At this stage, the committee's confidence in ASIC's ability to monitor the CBA's implementation of its new undertaking regarding the compensation process is severely undermined. Furthermore, the CBA's credibility in the CFPL matter is so compromised that, to my mind, responsibility for the compensation process should be taken away from the bank. The time is well overdue for full, frank and open disclosure on the CFPL business.
Given the seriousness of the matter, the egregious nature of the conduct, the potential number of clients affected, and the lack of transparency surrounding the compensation process, I believe that a royal commission should be established. This is not a recommendation that the committee has made lightly. However, the evidence is so compelling that a royal commission is warranted. This scandal needs to stand as a lesson for the entire financial services sector.
Firms need to know that they cannot turn a blind eye to unscrupulous employees who do whatever it takes to profit at the expense of vulnerable clients.

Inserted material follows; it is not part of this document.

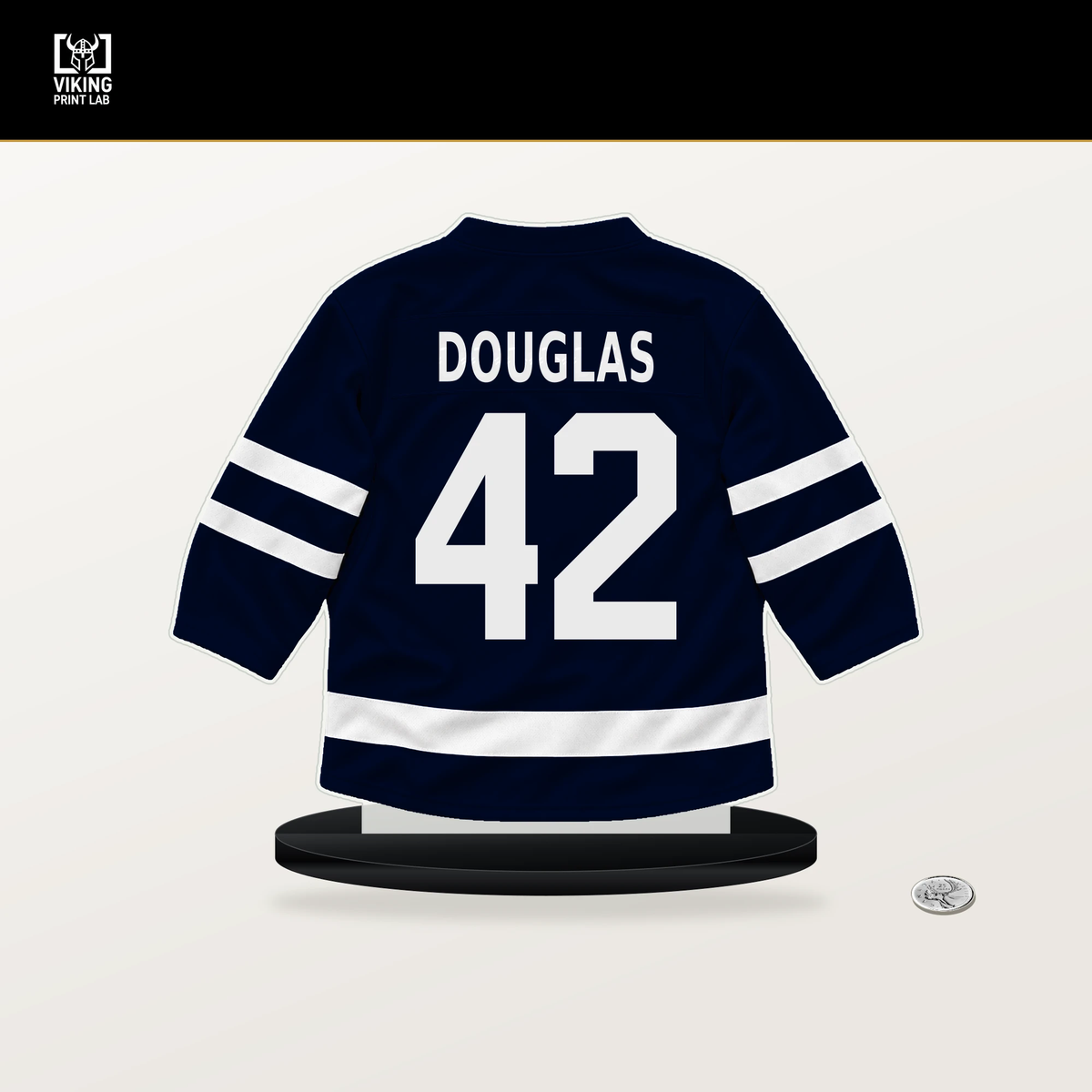Curtis Douglas number 42 Seattle Kraken jersey stand with included black base.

This inquiry underlined the critical importance of ensuring that Australia has a robust corporate regulatory system under the stewardship of a strong and effective regulator.
The committee's recommendations are designed to help ASIC become a self-evaluating and self-correcting organisation—to be a proactive regulator with teeth that acts decisively, but also fairly.

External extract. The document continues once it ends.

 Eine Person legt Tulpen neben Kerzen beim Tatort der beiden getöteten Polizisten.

The recommendations recognise the need for ASIC to be alert to emerging business models or new financial products and to match the inventiveness and resourcefulness of those in the industry who seek to circumvent the law. The committee's recommendations go to matters such as:
improving or strengthening ASIC's understanding and appreciation of Australia's corporate environment and those it regulates;
building ASIC's analytical and investigative skills so it is able to discern early warning signs of unhealthy trends or troubling behaviour;
ASIC working more effectively with other industry and professional bodies—to ensure it has strong, constructive and cooperative relationships with all the financial system gatekeepers;
a review of penalties currently available for contraventions of the legislation ASIC administers; and
making enforceable undertakings far more robust, transparent and effective in bringing about the desired changes.
As I said at the outset, this was an important inquiry. I regard it as a wake-up call for ASIC. One of the best outcomes of this inquiry so far is that ASIC itself has begun to examine its performance and consider how it can do things better. The regulatory system will be stronger and more resilient if ASIC keeps this up.
I commend this report to the Senate.